Stored data
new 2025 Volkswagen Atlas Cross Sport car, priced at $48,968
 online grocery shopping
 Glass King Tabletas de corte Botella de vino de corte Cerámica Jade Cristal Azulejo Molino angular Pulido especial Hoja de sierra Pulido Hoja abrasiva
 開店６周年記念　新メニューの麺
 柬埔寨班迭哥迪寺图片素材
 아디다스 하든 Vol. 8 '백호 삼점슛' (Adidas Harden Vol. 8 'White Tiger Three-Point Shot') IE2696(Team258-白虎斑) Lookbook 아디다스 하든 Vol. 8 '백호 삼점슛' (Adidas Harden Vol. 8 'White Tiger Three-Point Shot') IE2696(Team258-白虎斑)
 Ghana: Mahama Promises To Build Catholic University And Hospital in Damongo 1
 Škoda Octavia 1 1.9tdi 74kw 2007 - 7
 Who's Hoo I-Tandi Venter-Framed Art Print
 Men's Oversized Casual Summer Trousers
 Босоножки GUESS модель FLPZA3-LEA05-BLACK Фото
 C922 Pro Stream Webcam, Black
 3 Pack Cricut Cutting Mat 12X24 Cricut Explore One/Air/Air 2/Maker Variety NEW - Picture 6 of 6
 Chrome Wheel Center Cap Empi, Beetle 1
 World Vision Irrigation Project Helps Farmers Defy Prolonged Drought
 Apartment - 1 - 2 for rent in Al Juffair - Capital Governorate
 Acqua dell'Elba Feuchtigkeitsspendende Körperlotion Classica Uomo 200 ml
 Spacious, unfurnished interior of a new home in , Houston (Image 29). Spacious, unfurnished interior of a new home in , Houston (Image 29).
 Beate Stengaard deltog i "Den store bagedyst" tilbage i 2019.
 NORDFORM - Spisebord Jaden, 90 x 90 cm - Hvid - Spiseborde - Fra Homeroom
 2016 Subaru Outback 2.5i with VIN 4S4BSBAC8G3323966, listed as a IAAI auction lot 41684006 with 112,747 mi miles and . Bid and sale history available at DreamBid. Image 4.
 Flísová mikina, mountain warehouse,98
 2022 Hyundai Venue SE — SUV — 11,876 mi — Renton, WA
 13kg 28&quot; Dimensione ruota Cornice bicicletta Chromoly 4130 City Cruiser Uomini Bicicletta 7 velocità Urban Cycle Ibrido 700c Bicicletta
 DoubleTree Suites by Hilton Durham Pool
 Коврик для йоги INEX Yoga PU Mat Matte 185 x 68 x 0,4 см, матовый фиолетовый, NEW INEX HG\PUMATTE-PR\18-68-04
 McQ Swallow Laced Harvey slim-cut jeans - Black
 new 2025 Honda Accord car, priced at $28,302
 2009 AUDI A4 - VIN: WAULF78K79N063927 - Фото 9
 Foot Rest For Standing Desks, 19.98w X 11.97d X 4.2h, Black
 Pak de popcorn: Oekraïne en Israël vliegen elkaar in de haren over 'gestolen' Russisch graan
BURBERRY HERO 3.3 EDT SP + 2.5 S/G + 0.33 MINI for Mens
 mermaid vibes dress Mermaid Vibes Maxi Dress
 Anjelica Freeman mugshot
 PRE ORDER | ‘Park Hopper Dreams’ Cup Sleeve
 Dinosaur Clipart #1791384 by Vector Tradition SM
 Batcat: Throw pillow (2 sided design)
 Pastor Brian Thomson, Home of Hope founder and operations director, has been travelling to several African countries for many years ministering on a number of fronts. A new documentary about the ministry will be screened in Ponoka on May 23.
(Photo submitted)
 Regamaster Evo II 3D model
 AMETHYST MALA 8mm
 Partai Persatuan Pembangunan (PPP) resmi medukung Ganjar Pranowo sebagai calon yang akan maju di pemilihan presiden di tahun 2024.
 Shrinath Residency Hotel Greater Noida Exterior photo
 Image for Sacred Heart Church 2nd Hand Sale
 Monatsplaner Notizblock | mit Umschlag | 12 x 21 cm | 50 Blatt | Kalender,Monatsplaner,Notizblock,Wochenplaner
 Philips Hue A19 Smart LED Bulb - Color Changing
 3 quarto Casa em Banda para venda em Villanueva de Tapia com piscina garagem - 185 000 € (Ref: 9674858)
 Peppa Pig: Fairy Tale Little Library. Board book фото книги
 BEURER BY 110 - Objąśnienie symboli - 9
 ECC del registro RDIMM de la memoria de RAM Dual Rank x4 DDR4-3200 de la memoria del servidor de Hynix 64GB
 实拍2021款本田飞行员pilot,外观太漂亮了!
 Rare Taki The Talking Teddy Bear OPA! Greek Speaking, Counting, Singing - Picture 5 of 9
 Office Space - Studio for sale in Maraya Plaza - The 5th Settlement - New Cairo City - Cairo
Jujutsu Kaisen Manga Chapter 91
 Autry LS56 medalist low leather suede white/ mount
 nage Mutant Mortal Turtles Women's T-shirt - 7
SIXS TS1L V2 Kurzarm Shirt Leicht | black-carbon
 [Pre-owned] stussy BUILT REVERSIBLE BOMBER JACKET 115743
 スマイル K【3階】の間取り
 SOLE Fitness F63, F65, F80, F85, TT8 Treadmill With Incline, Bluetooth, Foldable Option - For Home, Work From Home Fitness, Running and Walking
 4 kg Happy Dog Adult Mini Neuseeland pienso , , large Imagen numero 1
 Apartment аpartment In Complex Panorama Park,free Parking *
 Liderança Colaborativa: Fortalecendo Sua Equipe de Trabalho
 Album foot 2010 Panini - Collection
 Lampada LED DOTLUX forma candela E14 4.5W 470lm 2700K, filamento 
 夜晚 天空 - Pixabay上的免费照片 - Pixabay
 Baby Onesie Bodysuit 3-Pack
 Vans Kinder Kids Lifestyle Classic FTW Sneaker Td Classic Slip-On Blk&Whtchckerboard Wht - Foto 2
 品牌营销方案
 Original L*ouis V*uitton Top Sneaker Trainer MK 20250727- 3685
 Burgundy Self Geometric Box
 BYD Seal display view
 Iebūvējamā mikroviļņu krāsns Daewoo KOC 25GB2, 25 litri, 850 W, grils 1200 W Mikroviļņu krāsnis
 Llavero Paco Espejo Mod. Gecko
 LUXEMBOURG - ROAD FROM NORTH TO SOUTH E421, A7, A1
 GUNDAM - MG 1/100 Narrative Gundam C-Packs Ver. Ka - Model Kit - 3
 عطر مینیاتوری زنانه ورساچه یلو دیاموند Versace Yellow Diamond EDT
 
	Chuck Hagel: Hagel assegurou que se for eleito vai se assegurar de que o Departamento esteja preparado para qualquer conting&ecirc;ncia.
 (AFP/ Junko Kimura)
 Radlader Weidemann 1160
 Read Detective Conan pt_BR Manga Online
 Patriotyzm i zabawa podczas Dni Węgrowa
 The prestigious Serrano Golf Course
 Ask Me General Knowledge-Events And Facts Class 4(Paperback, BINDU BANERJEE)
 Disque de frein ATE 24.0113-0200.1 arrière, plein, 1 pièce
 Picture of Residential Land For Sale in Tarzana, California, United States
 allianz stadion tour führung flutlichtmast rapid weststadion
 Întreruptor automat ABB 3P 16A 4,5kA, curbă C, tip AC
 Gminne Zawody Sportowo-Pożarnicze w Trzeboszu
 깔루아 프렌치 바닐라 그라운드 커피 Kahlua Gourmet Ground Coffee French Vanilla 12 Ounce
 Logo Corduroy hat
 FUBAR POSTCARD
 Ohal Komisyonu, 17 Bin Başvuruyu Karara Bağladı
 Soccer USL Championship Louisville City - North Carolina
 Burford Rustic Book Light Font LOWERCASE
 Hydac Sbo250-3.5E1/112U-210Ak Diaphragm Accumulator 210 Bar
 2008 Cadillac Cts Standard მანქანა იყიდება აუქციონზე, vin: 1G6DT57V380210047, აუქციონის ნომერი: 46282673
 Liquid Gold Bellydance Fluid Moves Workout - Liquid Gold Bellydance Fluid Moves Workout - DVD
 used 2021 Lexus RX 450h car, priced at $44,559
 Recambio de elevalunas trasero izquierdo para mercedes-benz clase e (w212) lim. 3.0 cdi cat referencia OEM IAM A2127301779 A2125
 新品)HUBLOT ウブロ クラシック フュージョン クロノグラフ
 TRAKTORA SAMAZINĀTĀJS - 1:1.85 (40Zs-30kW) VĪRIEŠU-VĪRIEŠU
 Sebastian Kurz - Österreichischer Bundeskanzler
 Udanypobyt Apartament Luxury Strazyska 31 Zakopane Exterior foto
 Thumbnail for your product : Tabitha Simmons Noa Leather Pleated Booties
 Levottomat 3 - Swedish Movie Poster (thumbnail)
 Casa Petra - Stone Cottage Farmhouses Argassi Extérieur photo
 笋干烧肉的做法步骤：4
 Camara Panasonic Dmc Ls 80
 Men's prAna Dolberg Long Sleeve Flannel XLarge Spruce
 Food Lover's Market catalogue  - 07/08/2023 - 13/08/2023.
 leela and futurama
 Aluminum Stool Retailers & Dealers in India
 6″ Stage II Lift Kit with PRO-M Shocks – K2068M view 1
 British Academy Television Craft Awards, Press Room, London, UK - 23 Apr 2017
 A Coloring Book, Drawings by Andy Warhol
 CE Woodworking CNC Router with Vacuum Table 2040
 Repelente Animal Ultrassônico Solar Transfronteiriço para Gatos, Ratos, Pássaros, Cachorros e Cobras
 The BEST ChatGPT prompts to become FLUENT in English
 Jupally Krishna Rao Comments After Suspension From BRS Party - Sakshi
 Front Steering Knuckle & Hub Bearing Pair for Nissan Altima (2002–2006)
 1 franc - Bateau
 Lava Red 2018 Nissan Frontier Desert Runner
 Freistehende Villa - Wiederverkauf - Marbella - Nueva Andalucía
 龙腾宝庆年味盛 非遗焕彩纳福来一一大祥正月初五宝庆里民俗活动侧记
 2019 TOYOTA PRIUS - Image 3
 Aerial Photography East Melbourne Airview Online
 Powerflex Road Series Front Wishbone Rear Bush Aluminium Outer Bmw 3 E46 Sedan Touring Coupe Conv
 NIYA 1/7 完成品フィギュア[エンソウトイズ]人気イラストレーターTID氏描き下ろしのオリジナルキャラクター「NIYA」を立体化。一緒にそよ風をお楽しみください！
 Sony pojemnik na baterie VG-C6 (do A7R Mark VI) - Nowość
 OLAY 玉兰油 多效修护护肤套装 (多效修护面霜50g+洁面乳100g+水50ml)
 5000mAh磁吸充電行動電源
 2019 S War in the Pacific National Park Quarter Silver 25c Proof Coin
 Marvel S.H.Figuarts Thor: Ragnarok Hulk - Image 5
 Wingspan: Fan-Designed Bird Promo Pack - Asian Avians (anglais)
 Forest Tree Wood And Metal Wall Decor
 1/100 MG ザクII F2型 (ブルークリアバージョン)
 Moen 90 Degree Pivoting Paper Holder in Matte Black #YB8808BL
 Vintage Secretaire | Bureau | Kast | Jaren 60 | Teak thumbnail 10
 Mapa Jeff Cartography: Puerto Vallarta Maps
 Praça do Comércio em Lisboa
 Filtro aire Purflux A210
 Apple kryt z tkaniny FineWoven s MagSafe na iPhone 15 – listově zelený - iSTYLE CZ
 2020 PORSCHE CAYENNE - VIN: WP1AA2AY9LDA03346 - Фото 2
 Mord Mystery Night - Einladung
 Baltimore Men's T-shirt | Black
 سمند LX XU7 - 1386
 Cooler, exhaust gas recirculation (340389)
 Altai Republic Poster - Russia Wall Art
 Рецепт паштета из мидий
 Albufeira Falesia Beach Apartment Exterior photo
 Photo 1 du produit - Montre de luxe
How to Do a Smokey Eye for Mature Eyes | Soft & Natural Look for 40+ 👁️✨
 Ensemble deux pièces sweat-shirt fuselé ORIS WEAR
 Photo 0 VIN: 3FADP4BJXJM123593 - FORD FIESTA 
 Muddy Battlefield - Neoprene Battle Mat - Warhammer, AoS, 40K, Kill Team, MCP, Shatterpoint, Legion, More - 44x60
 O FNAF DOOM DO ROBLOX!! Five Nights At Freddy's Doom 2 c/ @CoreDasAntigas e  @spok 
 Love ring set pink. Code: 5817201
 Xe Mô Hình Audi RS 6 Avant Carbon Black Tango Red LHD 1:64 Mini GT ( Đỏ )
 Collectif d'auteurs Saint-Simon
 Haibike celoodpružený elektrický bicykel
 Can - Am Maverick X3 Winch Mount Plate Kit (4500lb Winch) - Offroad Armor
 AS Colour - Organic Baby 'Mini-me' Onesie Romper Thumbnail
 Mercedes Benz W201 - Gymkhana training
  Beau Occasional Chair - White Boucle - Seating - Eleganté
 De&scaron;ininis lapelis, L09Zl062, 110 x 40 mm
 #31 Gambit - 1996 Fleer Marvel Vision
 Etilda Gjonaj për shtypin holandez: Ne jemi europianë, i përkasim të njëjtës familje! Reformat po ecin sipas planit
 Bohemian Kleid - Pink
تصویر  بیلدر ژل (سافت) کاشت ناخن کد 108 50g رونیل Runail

Problem to solve ▸ From the data above, output only the lines between the line containing "used 2021 Lexus" and the line containing "Aerial Photography East", inclusive, exactly as written.

Answer to this task ▸
 used 2021 Lexus RX 450h car, priced at $44,559
 Recambio de elevalunas trasero izquierdo para mercedes-benz clase e (w212) lim. 3.0 cdi cat referencia OEM IAM A2127301779 A2125
 新品)HUBLOT ウブロ クラシック フュージョン クロノグラフ
 TRAKTORA SAMAZINĀTĀJS - 1:1.85 (40Zs-30kW) VĪRIEŠU-VĪRIEŠU
 Sebastian Kurz - Österreichischer Bundeskanzler
 Udanypobyt Apartament Luxury Strazyska 31 Zakopane Exterior foto
 Thumbnail for your product : Tabitha Simmons Noa Leather Pleated Booties
 Levottomat 3 - Swedish Movie Poster (thumbnail)
 Casa Petra - Stone Cottage Farmhouses Argassi Extérieur photo
 笋干烧肉的做法步骤：4
 Camara Panasonic Dmc Ls 80
 Men's prAna Dolberg Long Sleeve Flannel XLarge Spruce
 Food Lover's Market catalogue  - 07/08/2023 - 13/08/2023.
 leela and futurama
 Aluminum Stool Retailers & Dealers in India
 6″ Stage II Lift Kit with PRO-M Shocks – K2068M view 1
 British Academy Television Craft Awards, Press Room, London, UK - 23 Apr 2017
 A Coloring Book, Drawings by Andy Warhol
 CE Woodworking CNC Router with Vacuum Table 2040
 Repelente Animal Ultrassônico Solar Transfronteiriço para Gatos, Ratos, Pássaros, Cachorros e Cobras
 The BEST ChatGPT prompts to become FLUENT in English
 Jupally Krishna Rao Comments After Suspension From BRS Party - Sakshi
 Front Steering Knuckle & Hub Bearing Pair for Nissan Altima (2002–2006)
 1 franc - Bateau
 Lava Red 2018 Nissan Frontier Desert Runner
 Freistehende Villa - Wiederverkauf - Marbella - Nueva Andalucía
 龙腾宝庆年味盛 非遗焕彩纳福来一一大祥正月初五宝庆里民俗活动侧记
 2019 TOYOTA PRIUS - Image 3
 Aerial Photography East Melbourne Airview Online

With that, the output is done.